A “criatividade” dos estúdios tem se resumido a um constante jogo de cintura para evitar escândalos de relações públicas e apresentar mais representatividade nos filmes, o que é legítimo e valoroso, mas, sinceramente, nada que demande real esforço criativo. Já se falou da exclusão de Chang – uma vez que a Disney teria criado sua bissexualidade meio “sem querer” – do filme live-action de Mulan, boatos de uma possível escalação de Dev Patel, indiano, como Aladdin, um árabe; uma Jasmine com o mínimo de participação ativa; e, mais recentemente, uma onda de racismo nas redes sociais em resposta à escalação de uma negra, Halle Bailey, como Ariel, de A Pequena Sereia.

As narrativas, por outro lado, continuam as mesmas, se repetem ao infinito. E, apesar de também criar memória, repetição cansa: como chegamos ao ponto de ter dois remakes de Mogli em menos de dois anos?  Ainda sim, poucos conhecem a obra original, o livro The Jungle Book (1894), do indiano Rudyard Kipling, ganhador do Nobel de Literatura.

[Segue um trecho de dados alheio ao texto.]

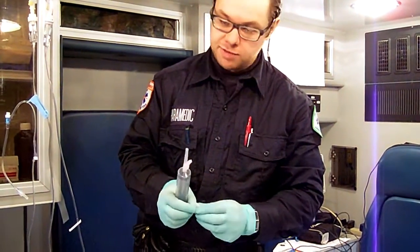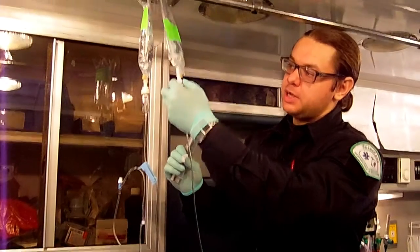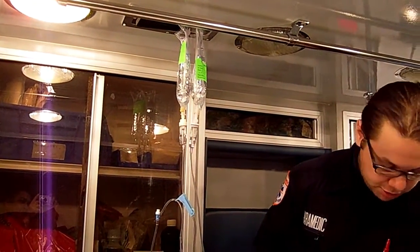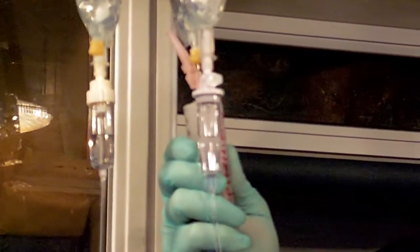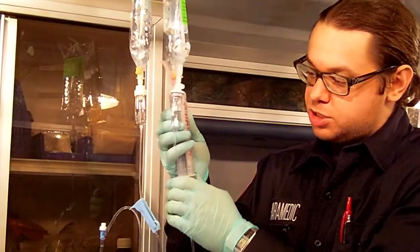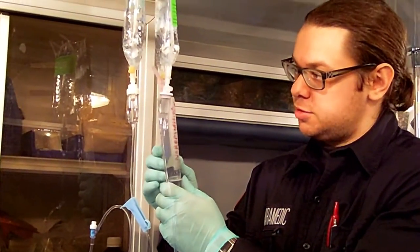Take an alcohol swab or chlorhexidine and wipe the medication port — this is the port you're going to take your medication from. Let it dry, then take your syringe and withdraw 60 cc of the medication. The beauty of this is that while I'm withdrawing the fluid, the patient is not off the pump — they're still getting the medication they need, their blood pressure is not dropping, and everyone is safe.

Partindo do princípio de que toda obra traduz elementos de outras obras anteriores, seja ela uma tradução fiel ao extremo ou mesmo “nova”. Elementos do passado podem e devem ser trazidos aos novos tempos não só por remakes que copiam e colas as obras originais, mas também por remakes que arriscam trazer elementos novos em uma história  já conhecida, ou elementos já conhecidos em uma história nova.

Para manter memória, as narrativas não deveriam estar paradas no tempo.

Nada impede de fazer um ‘remakinho’ literal de vez em quando; o problema é que isso tem sido um movimento estrutural e, destaco, extremamente confortável para os estúdios. O risco é zero porque mesmo que não se esforçassem minimamente para trazer representatividade, como disse antes, esses filmes ainda teriam público. Muito público. E, mais, um público cegamente apaixonado.

Para contar uma história já conhecida é preciso criatividade, e para criar é preciso esquecer alguns elementos e substituí-los pelos que, na narrativa inédita, façam sentido. Fazer remakes que pretendem lembrar as novas gerações sobre o passado deveria ser, ao mesmo tempo, recordar e esquecer da história a ser contada.